This brings tears to my eyes. Missing my Daisy & Parker as well.
They taught us to wag often & never hold a grudge. For that i am forever grateful.


----------



## Karen519

*Gratitude*



Gratitude14 said:


> I am a golden mom who is still grieving the lost of Daisy from Cancer. She was a rescue. Also the only thing we knew about her was that we were owner number 4 and she was probably 3 when we got her. We had her 6 years before
> Something burst inside of her & she died, my husband is retiring soon & we have a 3 yr old grandson & a 6 month granddaughter. My husband thinks it's safer to get a puppy for the kids to be around. I love the oldies. We raised one
> Golden for Guide Dogs, which became ours after he became a career change
> Dog. When he passed at 14 we rescued Daisy.
> 
> Any thoughts or experience on choosing would be much appreciated! If it were up to me I'd have both!


GRATITUDE

I'm with you I think the older dogs are just wonderful! Can you do both, a puppy and adopt a little bit older Golden?


----------



## Gratitude14

Karen519 said:


> GRATITUDE
> 
> I'm with you I think the older dogs are just wonderful! Can you do both, a puppy and adopt a little bit older Golden?

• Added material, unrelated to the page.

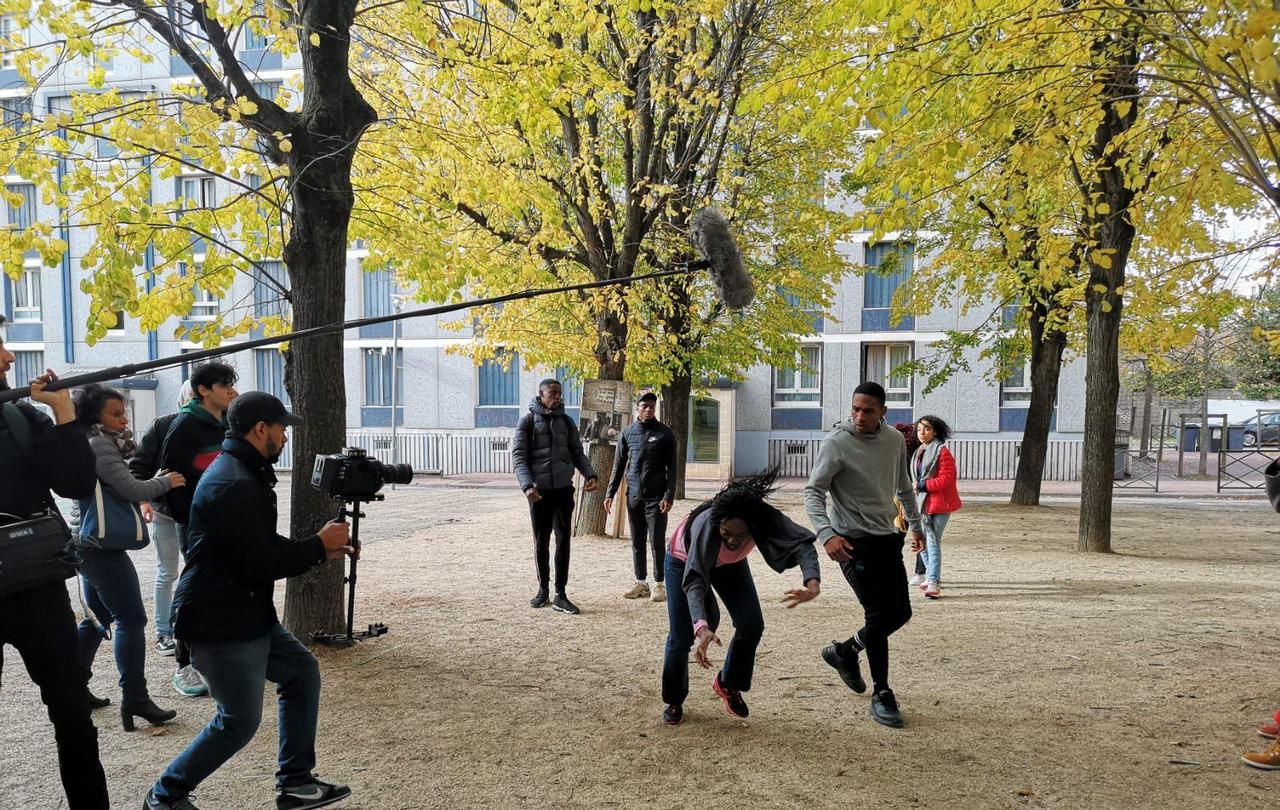 <b></b> Fresnes, ce mardi. Jeff Taver réalise le court-métrage Mama Lova dans la cité des Groux à Fresnes.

Good news. We are expecting our puppy at the end of July! So excited. We have decided when our puppy is 1 1/2 or 2 we will adopt another frosty face.
We are over the moon!

We have talked to our vet regarding putting out pup in the Morris study as well.
Apparently they need 1500 more Goldens to have enough data for the study.

I will happily post pictures of our puppy when he arrives at our home at the end of September.

Thank you for your suggestion! Tail wags to you!


----------



## Bodiesmummy

This was posted by our local GR rescue, Homeward Bound. Old dogs ARE awesome, and old gold is #1 in my book (got a frosty face looking at me right now and 2 in my heart waiting for me at the bridge).
http://www.buzzfeed.com/erinchack/an-ode-to-old-dogs


----------



## Gratitude14

So sweet!


----------



## Ljilly28

Here is Finn, who is turning 12. He is the kindest, bestest boy. He has great hips, but some real problems with spondyliosis in his spine. He has been with me through so many changes in my life, a touchstone.


----------



## bemyangell

Happy birthday Finn you beautiful sugar face.


----------



## CAROLINA MOM

Ljilly28 said:


> Here is Finn, who is turning 12. He is the kindest, bestest boy. He has great hips, but some real problems with spondyliosis in his spine. He has been with me through so many changes in my life, a touchstone.



Finn is beautiful, he reminds me so much of my Bridge boy that passed at 15.5.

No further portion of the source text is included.